See Sanity In An Upside Down World: President Obama’s Annual Declaration of Perversion, where Glenn does a great job of going through each line of the President’s following declaration:
NOW, THEREFORE, I, BARACK OBAMA, President of the United States of America, by virtue of the authority vested in me by the Constitution and the laws of the United States, do hereby proclaim June 2011 as Lesbian, Gay, Bisexual, and Transgender Pride Month. I call upon the people of the United States to eliminate prejudice everywhere it exists, and to celebrate the great diversity of the American people.
Yes, you read that correctly. The leader of the free world wants us to celebrate the diversity of sin, all the while assuring us that he is a Christian (one of those Christians who, among other things, finds the Book of Romans to be obscure).
The Other McCain had a thoughtful commentary as well in Do You Sometimes Find Yourself Wishing That You Could Arrive At Some Wholly New Form Of Depravity?

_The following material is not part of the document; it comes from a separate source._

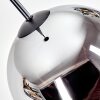 Ripoll Suspension, Boule lumineuse, Suspension Chrome, Fumé, 1 lumière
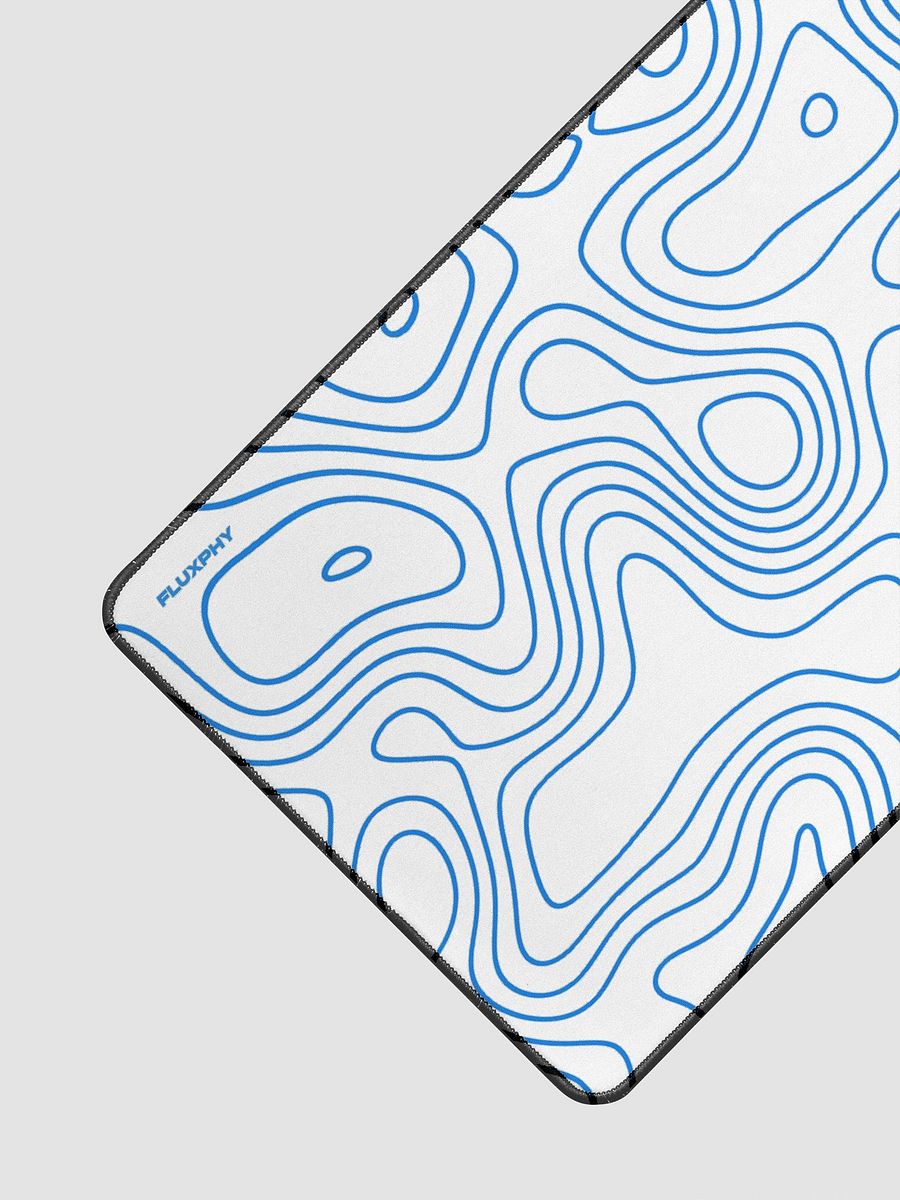 White Blue Topography Mousepad by Fluxphy product image (3)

Truly, I wish that sexuality could remain private. Certainly not a federal political matter. But since the month of June has to find itself turned into a public celebration of something that, in my opinion, has no business being public (hetero or otherwise), the thought of having a month devoted to my own personal pecadillos sounds kind of interesting. Is the world ready for some kind of bagpipe-driven, zombie apocalypse orgy of falsehood? Pecca Fortiter, said Luther. Let’s start by taking Luther out of context, shall we? Let’s just drive our culture off the cliff, Thelma and Louise style, full tilt boogie, right into hell. I mean, let’s just crank up the volume on the sin so badly that lesbians, gay, bisexuals, and transgender folks are stunned into a silent Puritanism by comparison. I bet if we get sufficiently weird, the President will award us two months. Because that would be cool.